I think the difficulty would be making a FUN free-roaming, non-violent game.
A few ideas would be an exploration title--full on puzzles, dangerous pitfalls an environmental hazards, but no combat.
I had had an idea for this sort of thing a few years back, actually.
The game's setting could be altered--in my case, I had it about a team of explorers investigating the ancient underground ruins beneath a steampunk city, which was so very large that the entire game took place in this one, multi-layered area. Combat was sparse, if at all--any dangers you encountered were either in the form of pitfalls, falling rubble, team mutinies or other problems. I had kicked around the idea of having parts where you were attacked by unkillable ghosts or something, or maybe chased by some strange beast, but the point of the game was purely on exploration and puzzle solving.

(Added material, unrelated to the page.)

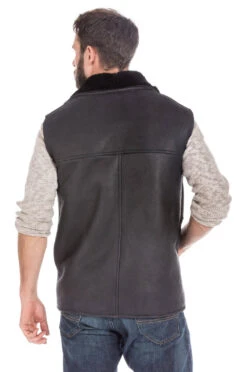 Gilet Sans Manches Mouton Homme Noir " ASPIN " -Maroquinerie gilet sans manches mouton chaud hiver aspin14370 025438000 1448 26092017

A lot of inspiration was taken from Metroid Prime and Silent Hill--your team would be a small, compact group with various skills per member that allow you to progress further down. You would find writings, murals, graffitti or other such "logs" or "journals" that explained the history of the world you were exploring, and the storyline would be driven by a strong sense of atmosphere coupled with the slow reveal of shadowy details by the discovered messages. There were to be nine very large levels, each with a different environmental theme--the first one would be a lot of disused sewer tunnels or other things more directly connected to the world above. In fact, one puzzle/trap involved you finding a guy atop a huge solar panel. The guy was stripping the panels off to sell above for profit--which would be an example of salvage that you could do--when the ceiling above falls apart. Sunlight pours in, activating the solar panel, and the sun slowly starts to cast an intensified beam across the panel's surface. You, the player, then have to scrabble up the tilted platform, using broken off panels as hand holds in a race-against-the-sun to get to the other end and safety. The poor bastard stripping the panels would get incinerated, to showcase the danger you are in. However, by the ninth and final layer, you're in a strange, almost alien sort of world, where there's little ground to speak off--floating islands, strange bubbles and bright, vibrant colors abound, and the player at this point has to create temporary bridges from place to place, requiring at least one team member to cross a chasm on a single rope in order to then secure a more stable means of crossing on the other end.
Additionally, there would be a second subplot to the game involving your team members themselves. There's a team stamina bar, of sorts, and when it gets low, everyone gets sluggish and less capable of doing their tasks. So, it's important to rest and recover, and while resting, you can sit in a circle with your team mates and interact with them--learn their backstories, get advice or comments on the current situation, and eventually learn information that can trigger sidequests and the like in the upper city--which you can return to in order to sell salvage or valuable news of your discoveries.
It would be a LOT like Ico in the sense that you are solving seamlessly integrated puzzles built into the environment itself, and as you can see, there is absolutely no need for combat whatsoever.